I found a tremendous quote the other day:

Though I wouldn’t have admitted it, even to myself, I didn’t want God aboard. He was too heavy. I wanted Him approving from a considerable distance. I didn’t want to be thinking of Him. I wanted to be free—like Gypsy. I wanted life itself, the color and fire and loveliness of life. And Christ now and then, like a loved poem I could read when I wanted to. I didn’t want us to be swallowed up in God. I wanted holidays from the school of Christ. ~ Sheldon Vanauken

That’s where much of our unbelief comes from – our keeping God at a distance, now and then coming to him when it’s convenient, when we have nothing else to do, or when hard times hit. We, like Sheldon Vanauken, want holidays (that’s British talk for what Americans call vacation) from the school of Christ – for many of us, LONG holidays! But I like the way Vanauken puts it – “the school of Christ.” It is indeed a school. Jesus Christ teaches us how to live – how to live fully, how to live in touch with our inner selves and with the people and the natural world around us.

In the walk to Emmaus, Jesus taught the two disciples in the way that only he could. He opened their minds while they walked and he opened their eyes and hearts when he broke bread with them. And that’s how he teaches us too.

He teaches us while we are walking. There’s not much Jesus can do if we refuse to budge, if we refuse to walk with him. Walking is the best way to experience and enjoy nature, the world around us. Can you drive through the Old Port for years and think you know it. Then one day you decide to park the car at a distance and walk. And you see the Old Port like you never saw it before; you discover it for the first time. Walking is also the way to grow with Christ.
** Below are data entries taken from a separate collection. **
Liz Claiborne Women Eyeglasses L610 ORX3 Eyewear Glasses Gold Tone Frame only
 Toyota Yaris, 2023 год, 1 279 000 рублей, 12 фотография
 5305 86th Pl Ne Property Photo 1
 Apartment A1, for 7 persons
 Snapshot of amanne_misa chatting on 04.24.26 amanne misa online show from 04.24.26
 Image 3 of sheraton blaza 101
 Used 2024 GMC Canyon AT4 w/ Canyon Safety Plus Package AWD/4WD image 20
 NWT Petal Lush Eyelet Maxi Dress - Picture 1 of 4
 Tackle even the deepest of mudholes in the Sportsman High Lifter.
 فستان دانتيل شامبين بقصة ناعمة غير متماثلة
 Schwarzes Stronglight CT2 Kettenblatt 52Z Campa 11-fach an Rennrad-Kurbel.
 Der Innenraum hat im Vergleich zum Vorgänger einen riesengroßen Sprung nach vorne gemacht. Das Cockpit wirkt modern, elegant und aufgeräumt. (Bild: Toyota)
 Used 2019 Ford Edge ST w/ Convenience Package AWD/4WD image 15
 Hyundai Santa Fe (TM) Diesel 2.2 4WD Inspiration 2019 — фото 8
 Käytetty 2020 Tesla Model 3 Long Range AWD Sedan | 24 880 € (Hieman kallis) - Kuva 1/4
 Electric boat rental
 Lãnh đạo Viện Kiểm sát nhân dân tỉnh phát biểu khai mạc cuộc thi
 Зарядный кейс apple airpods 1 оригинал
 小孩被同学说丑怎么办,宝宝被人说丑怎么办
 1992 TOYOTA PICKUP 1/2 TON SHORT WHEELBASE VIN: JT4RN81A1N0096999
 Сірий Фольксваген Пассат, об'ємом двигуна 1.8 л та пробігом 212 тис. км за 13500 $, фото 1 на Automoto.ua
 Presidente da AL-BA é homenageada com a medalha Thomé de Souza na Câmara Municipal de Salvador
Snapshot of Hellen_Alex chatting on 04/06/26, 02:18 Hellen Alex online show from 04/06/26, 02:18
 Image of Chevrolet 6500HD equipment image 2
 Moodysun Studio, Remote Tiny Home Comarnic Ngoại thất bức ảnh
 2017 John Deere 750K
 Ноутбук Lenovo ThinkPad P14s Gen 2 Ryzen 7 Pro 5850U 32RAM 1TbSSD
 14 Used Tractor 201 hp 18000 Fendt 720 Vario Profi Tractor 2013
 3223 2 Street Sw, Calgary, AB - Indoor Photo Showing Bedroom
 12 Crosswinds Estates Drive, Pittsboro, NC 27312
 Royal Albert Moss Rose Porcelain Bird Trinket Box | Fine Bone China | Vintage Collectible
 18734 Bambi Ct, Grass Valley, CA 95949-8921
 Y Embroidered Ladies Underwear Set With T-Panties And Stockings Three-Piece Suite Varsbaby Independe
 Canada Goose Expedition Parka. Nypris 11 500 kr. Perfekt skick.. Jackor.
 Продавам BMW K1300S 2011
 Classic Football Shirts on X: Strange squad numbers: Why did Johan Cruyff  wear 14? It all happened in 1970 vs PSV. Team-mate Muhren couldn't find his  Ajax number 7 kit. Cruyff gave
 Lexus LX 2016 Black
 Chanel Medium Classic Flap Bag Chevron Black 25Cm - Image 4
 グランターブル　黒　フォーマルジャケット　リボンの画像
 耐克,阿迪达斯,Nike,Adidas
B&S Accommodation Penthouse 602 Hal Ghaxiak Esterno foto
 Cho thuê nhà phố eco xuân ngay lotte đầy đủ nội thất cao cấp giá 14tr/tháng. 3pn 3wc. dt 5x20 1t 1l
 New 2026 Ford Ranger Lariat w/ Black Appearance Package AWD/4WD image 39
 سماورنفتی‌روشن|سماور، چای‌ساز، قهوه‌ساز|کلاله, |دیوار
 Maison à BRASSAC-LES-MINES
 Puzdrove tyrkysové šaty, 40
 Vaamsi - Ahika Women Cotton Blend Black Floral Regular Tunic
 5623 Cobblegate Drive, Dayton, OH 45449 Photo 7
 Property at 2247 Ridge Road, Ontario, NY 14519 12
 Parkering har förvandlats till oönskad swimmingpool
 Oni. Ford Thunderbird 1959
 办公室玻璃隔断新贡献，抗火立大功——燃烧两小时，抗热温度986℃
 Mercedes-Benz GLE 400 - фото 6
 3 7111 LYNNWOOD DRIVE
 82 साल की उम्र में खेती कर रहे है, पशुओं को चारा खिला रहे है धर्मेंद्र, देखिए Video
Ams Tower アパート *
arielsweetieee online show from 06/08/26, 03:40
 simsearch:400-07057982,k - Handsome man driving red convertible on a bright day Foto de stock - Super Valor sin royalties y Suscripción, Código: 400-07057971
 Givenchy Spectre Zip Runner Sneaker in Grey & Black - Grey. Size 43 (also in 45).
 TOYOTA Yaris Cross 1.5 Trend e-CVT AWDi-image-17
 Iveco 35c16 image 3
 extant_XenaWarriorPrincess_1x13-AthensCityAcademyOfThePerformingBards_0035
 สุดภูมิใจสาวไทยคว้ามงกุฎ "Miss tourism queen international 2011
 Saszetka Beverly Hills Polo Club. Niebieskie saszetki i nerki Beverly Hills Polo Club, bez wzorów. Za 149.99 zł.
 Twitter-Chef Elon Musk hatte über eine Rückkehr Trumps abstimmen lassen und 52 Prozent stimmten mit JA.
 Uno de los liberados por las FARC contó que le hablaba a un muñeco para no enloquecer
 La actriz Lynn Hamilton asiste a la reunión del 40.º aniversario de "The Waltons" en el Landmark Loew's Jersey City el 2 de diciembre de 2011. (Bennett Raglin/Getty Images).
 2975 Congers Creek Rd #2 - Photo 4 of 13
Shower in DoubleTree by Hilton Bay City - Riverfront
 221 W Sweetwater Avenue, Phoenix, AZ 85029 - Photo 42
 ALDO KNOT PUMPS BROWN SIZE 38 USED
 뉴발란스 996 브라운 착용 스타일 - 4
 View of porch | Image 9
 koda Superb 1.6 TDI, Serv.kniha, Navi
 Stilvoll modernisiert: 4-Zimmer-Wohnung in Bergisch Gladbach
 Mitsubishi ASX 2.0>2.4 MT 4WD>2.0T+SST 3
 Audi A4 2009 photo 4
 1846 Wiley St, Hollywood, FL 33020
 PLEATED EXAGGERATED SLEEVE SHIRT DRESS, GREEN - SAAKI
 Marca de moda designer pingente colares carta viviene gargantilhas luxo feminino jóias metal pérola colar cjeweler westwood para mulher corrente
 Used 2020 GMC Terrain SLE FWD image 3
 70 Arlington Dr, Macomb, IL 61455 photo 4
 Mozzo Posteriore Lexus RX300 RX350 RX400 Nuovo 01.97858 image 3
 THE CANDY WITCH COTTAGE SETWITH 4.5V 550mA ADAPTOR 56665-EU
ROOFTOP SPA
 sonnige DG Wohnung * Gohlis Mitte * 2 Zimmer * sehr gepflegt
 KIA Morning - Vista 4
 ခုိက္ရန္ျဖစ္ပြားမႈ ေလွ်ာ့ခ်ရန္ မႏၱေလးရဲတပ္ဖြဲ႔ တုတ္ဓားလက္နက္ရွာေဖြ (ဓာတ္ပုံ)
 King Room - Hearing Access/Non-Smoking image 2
The disciples talked while they walked, before and after Jesus joined them. Talk – we’re forgetting how to talk. This past week we lost one of the great human beings of our time – or of any time, a man who inspired many and who taught us to look with awe at the immensity of the universe. Stephen Hawking did not believe in God, he was an atheist. Can I blame him, the way God has been represented by Christians?

Stephen Hawking was confined to a wheelchair and lost most of his motor abilities, including his ability to speak. He had to communicate through computerised voice synthesis. In an age such as ours where fewer and fewer people bother to communicate with coherent thought and sentences, Hawking was a master communicator, able to express the deepest mysteries of the universe in ways that even children could understand. At a time when talk has become cheap or is being replaced by social media and trivial texts and tweets and when people don’t talk but shout at each other from inside their political and religious bubbles, Hawking’s advice is more needed than ever:

“For millions of years, mankind lived just like the animals. Then something happened which unleashed the power of our imagination. We learned to talk and we learned to listen. Speech has allowed the communication of ideas, enabling human beings to work together to build the impossible. Mankind’s greatest achievements have come about by talking, and its greatest failures by not talking. It doesn’t have to be like this. Our greatest hopes could become reality in the future. With the technology at our disposal, the possibilities are unbounded. All we need to do is make sure we keep talking.”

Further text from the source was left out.